▶ About this exercise
Each line from the one holding "PNM Sukabumi plants" to the end of the data below must be output verbatim, with no other lines.

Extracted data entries

☆ ☆ ☆ ☆

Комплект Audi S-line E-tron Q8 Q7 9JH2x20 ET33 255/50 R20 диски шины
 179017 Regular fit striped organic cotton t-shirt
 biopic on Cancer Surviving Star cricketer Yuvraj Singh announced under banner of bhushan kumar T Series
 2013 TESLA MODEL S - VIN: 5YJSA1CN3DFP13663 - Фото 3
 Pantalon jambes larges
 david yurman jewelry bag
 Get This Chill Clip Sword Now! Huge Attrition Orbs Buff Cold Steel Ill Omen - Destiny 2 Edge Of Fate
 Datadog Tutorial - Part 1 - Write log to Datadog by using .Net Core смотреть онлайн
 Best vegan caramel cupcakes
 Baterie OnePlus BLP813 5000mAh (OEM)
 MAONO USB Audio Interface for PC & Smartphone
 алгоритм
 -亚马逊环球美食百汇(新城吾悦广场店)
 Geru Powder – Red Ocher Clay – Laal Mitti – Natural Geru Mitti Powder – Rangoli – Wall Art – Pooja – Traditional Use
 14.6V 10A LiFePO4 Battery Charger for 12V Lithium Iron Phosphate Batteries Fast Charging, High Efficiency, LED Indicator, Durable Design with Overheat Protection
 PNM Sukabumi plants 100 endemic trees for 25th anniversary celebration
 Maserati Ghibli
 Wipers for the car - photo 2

☆ ☆ ☆ ☆

▶ Solution to this exercise
 PNM Sukabumi plants 100 endemic trees for 25th anniversary celebration
 Maserati Ghibli
 Wipers for the car - photo 2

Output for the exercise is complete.